▶ [ACTIVITY] Please repeat, exactly as written, the line containing "A woman sits" and every line after it through the end of the records below, leaving out any pictures.

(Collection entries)
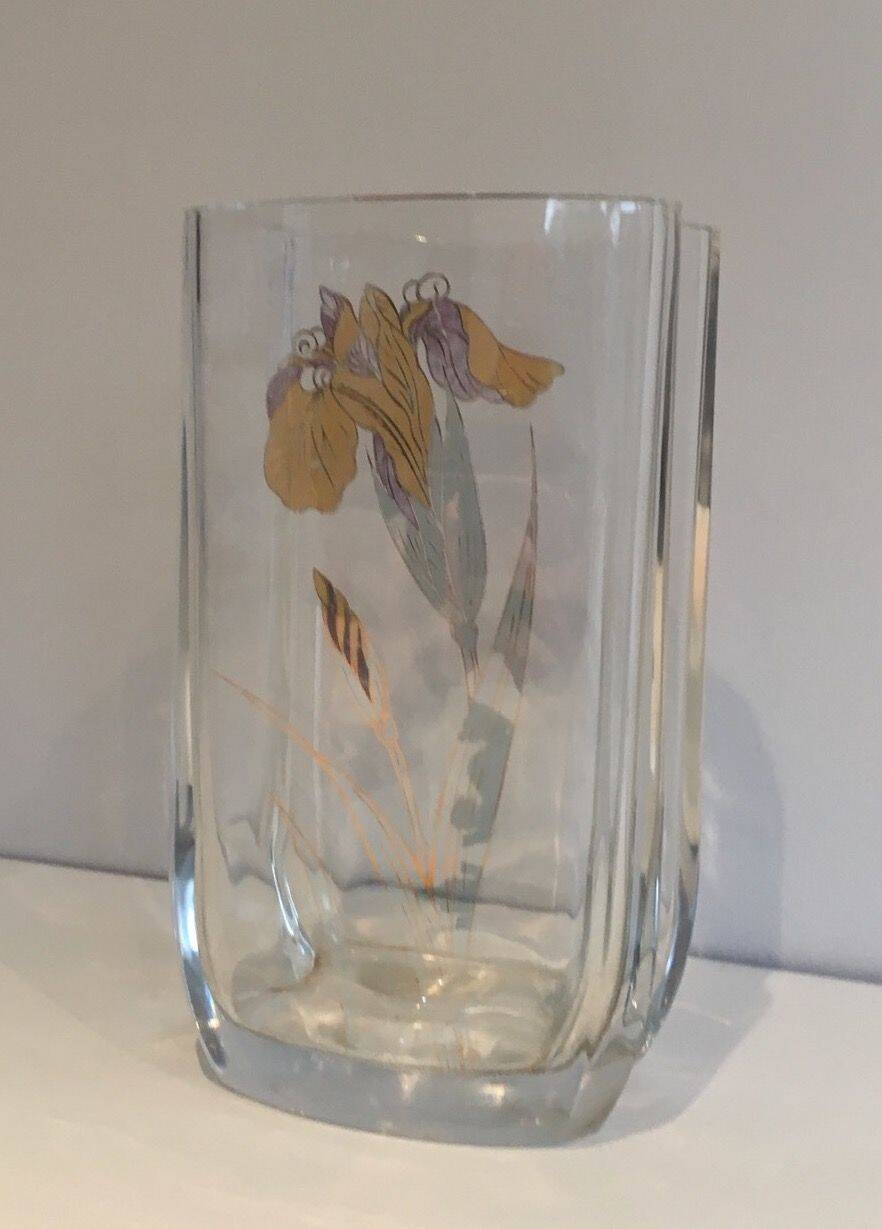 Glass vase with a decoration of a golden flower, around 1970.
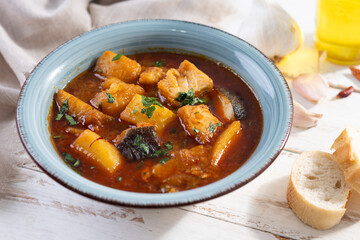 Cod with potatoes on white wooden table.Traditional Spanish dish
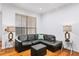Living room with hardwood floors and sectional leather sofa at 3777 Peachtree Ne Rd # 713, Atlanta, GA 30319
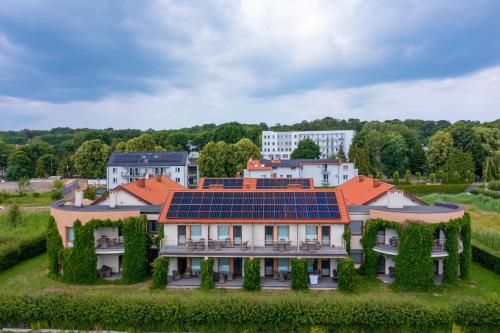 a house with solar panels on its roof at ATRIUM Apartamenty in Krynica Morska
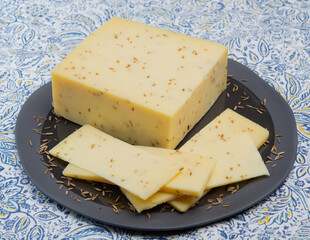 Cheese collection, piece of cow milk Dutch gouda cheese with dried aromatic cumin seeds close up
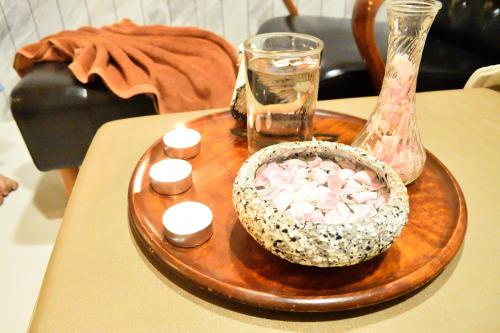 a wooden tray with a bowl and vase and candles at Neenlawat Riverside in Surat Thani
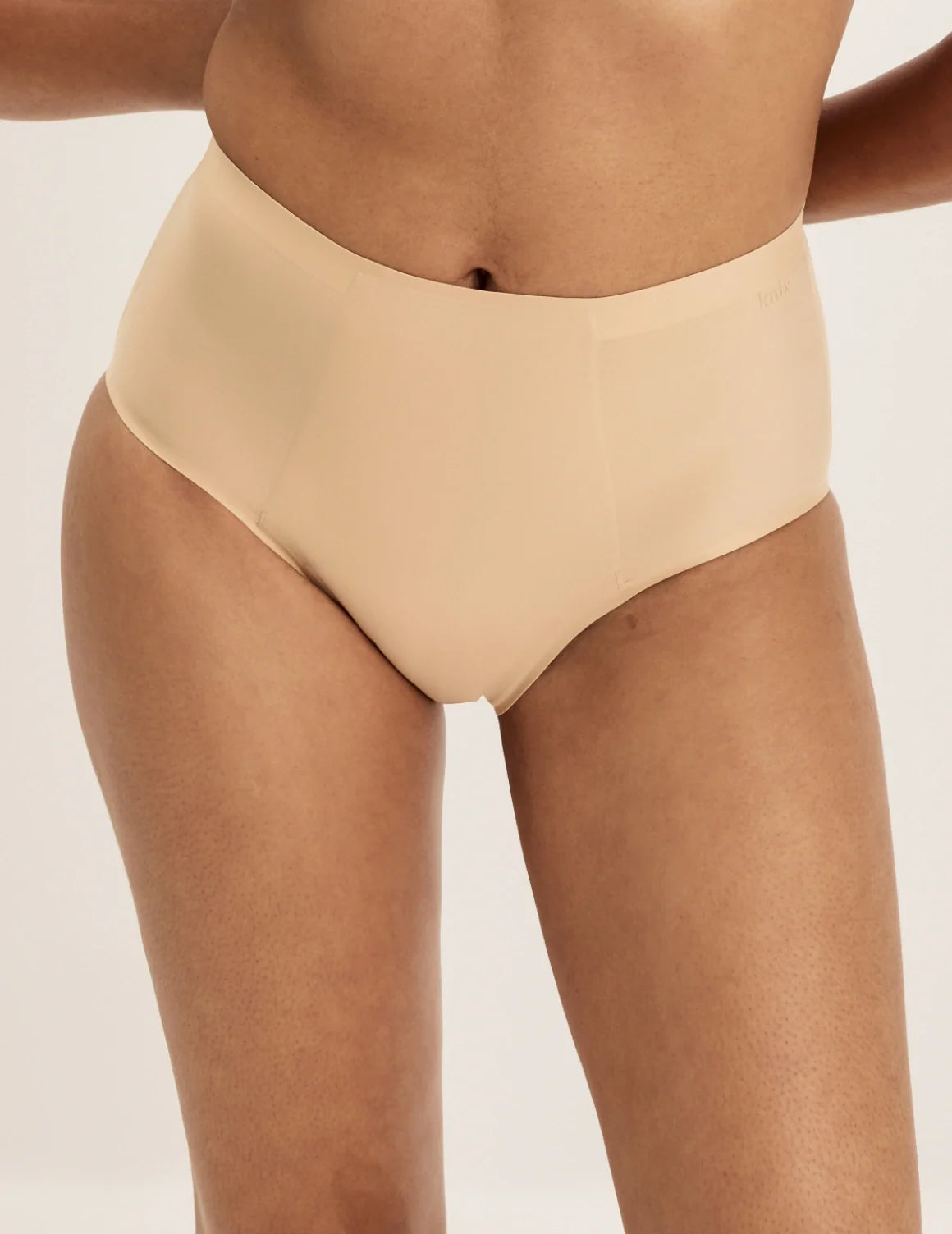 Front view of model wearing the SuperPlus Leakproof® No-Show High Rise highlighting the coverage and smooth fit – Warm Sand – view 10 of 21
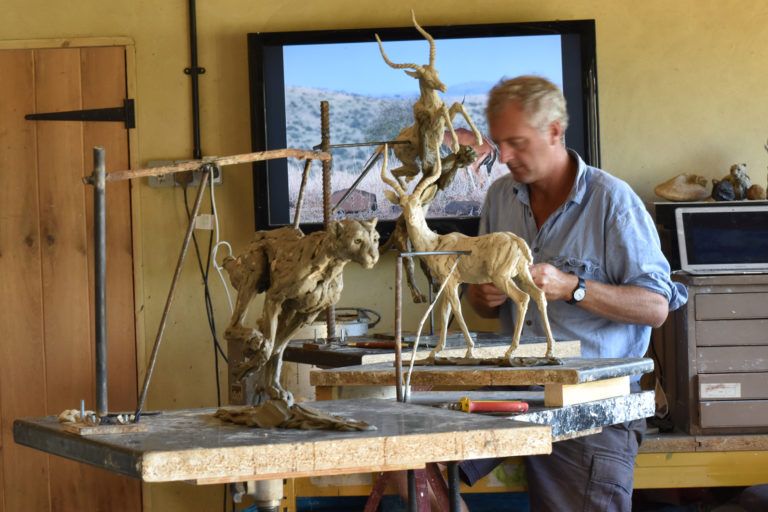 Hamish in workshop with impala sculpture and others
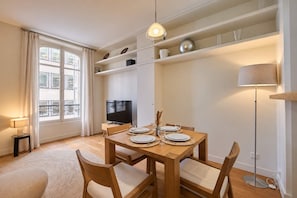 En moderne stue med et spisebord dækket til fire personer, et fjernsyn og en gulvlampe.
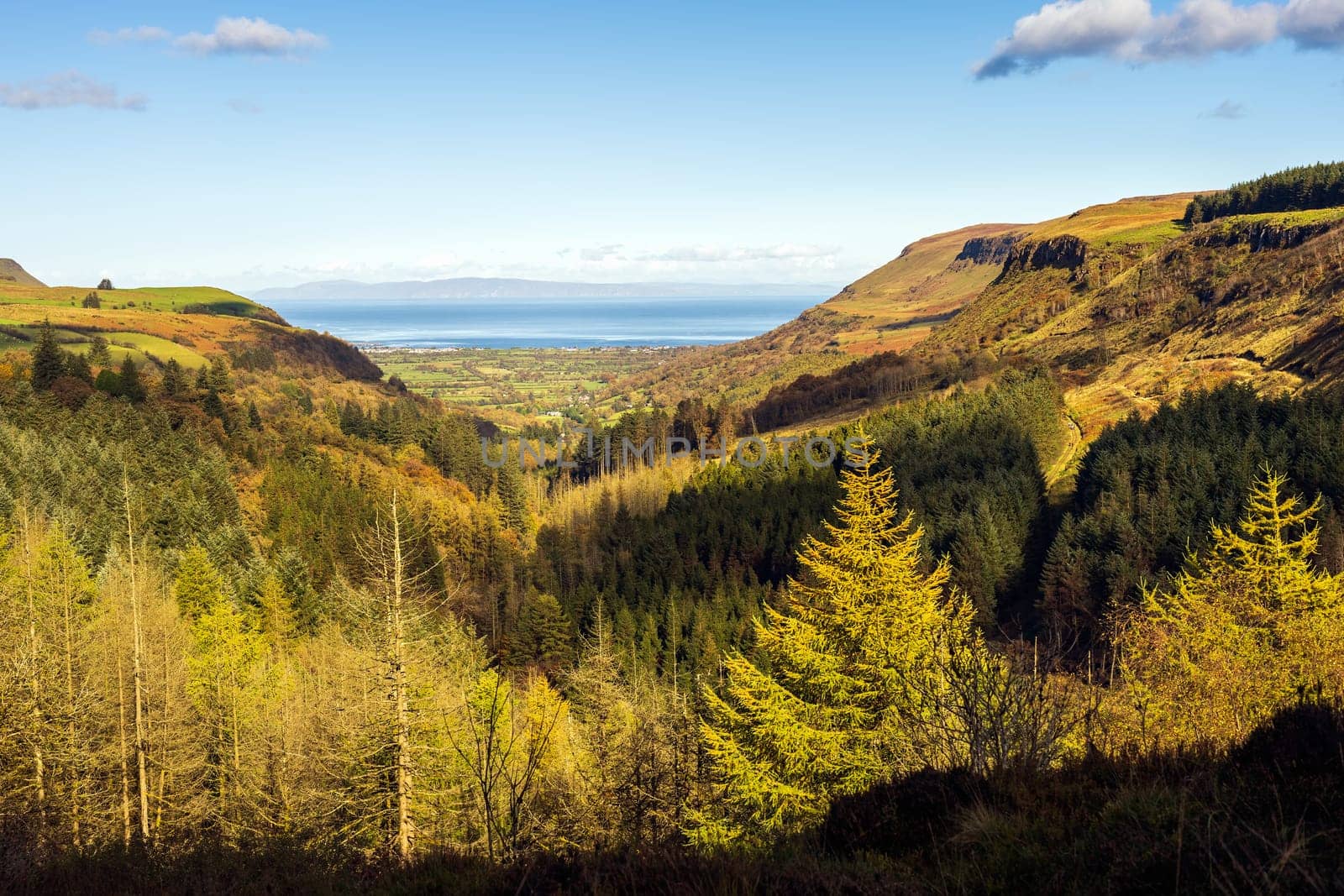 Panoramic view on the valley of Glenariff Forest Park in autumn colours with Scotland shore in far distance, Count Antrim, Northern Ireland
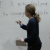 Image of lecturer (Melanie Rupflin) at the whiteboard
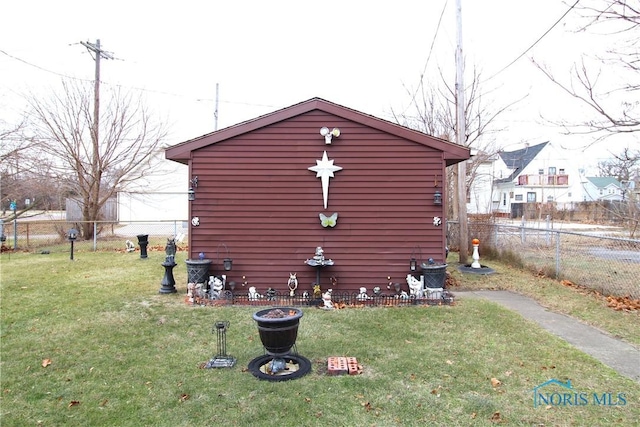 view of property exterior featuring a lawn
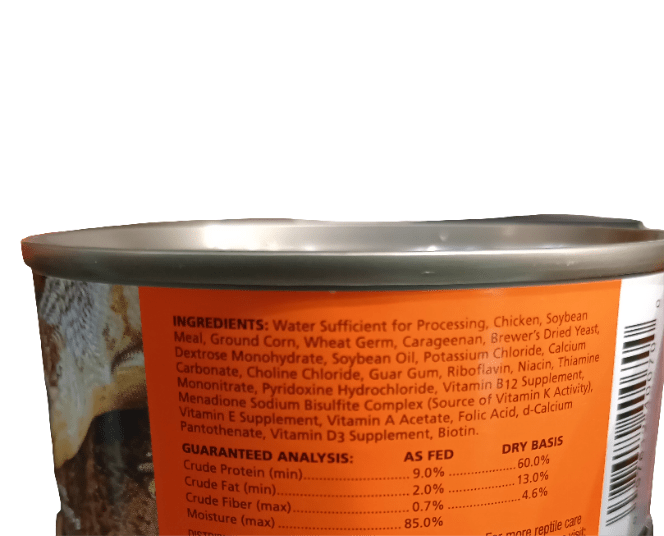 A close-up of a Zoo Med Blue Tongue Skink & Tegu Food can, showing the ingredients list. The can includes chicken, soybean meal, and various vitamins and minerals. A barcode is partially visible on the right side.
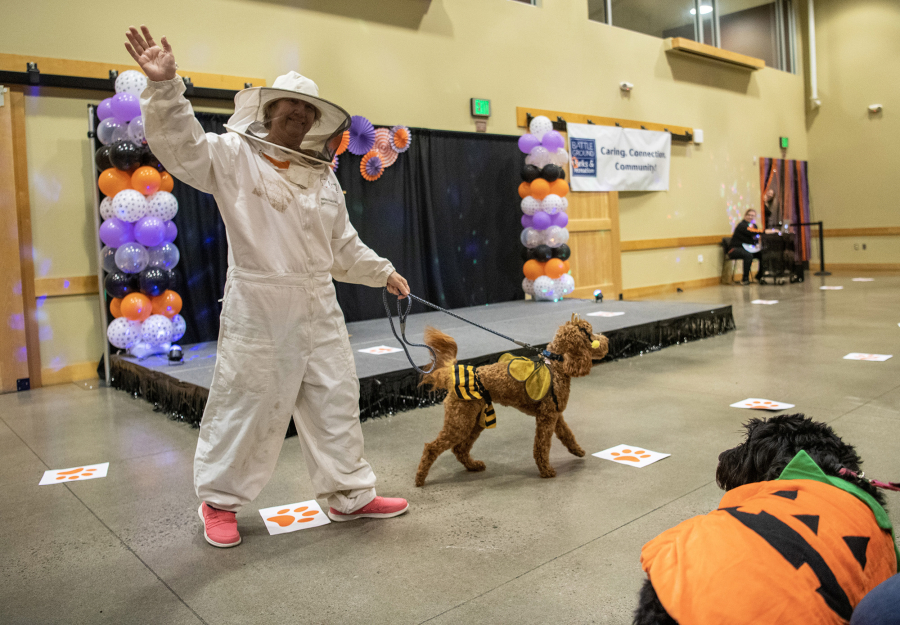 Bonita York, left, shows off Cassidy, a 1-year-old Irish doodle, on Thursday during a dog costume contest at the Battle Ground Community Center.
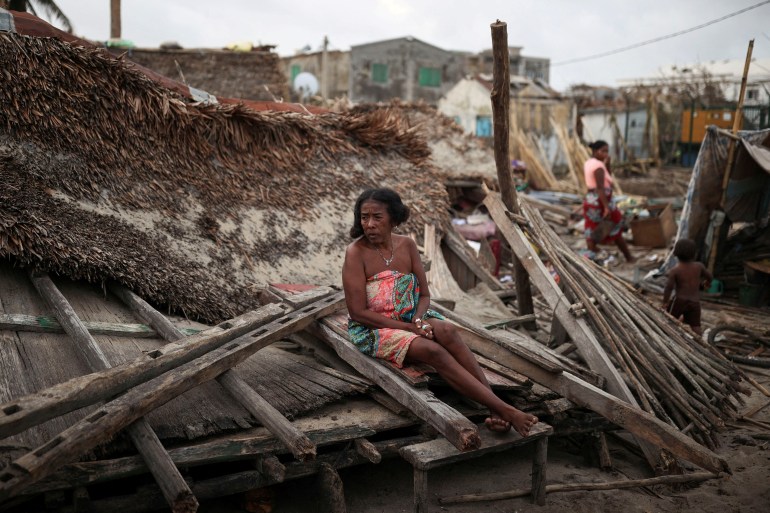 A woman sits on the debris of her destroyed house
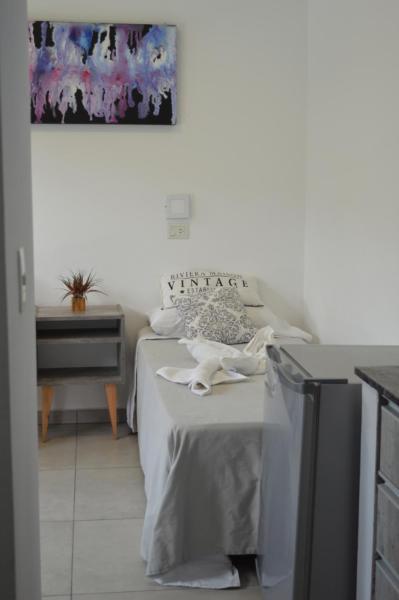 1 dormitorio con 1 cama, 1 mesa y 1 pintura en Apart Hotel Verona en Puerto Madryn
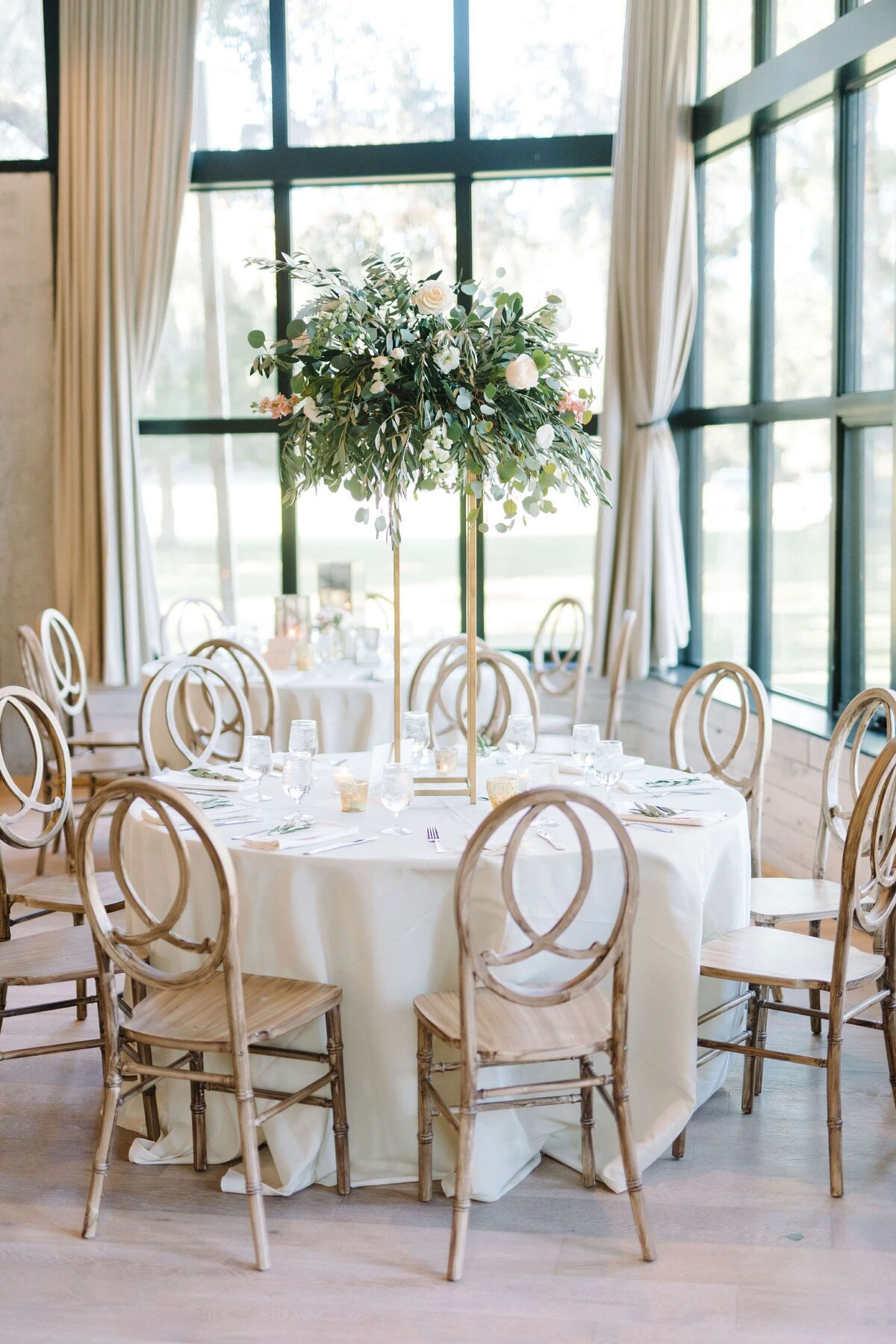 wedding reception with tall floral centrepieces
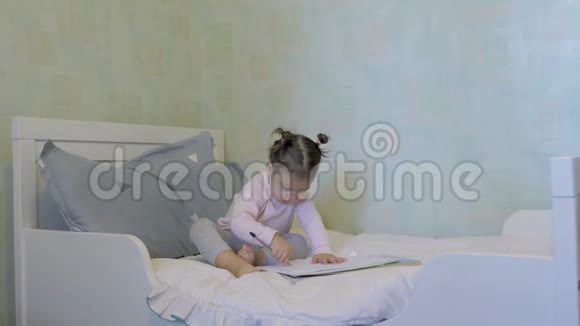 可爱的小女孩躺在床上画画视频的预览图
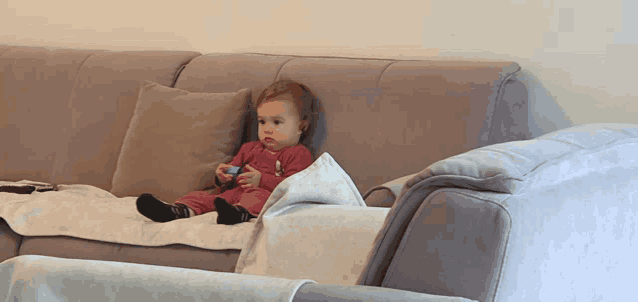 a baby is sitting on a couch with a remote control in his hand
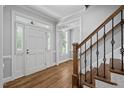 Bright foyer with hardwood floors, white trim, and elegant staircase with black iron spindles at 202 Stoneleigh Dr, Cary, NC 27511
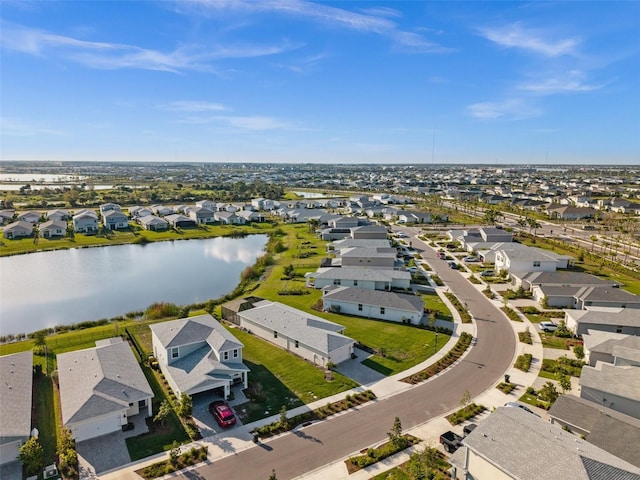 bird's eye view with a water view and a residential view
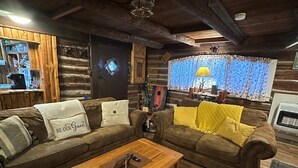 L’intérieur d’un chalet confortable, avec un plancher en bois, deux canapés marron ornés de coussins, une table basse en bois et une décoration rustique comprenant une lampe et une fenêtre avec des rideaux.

▶ [EXERCISE RESPONSE]
 A woman sits on the debris of her destroyed house
 1 dormitorio con 1 cama, 1 mesa y 1 pintura en Apart Hotel Verona en Puerto Madryn
 wedding reception with tall floral centrepieces
 可爱的小女孩躺在床上画画视频的预览图
 a baby is sitting on a couch with a remote control in his hand
 Bright foyer with hardwood floors, white trim, and elegant staircase with black iron spindles at 202 Stoneleigh Dr, Cary, NC 27511
 bird's eye view with a water view and a residential view
 L’intérieur d’un chalet confortable, avec un plancher en bois, deux canapés marron ornés de coussins, une table basse en bois et une décoration rustique comprenant une lampe et une fenêtre avec des rideaux.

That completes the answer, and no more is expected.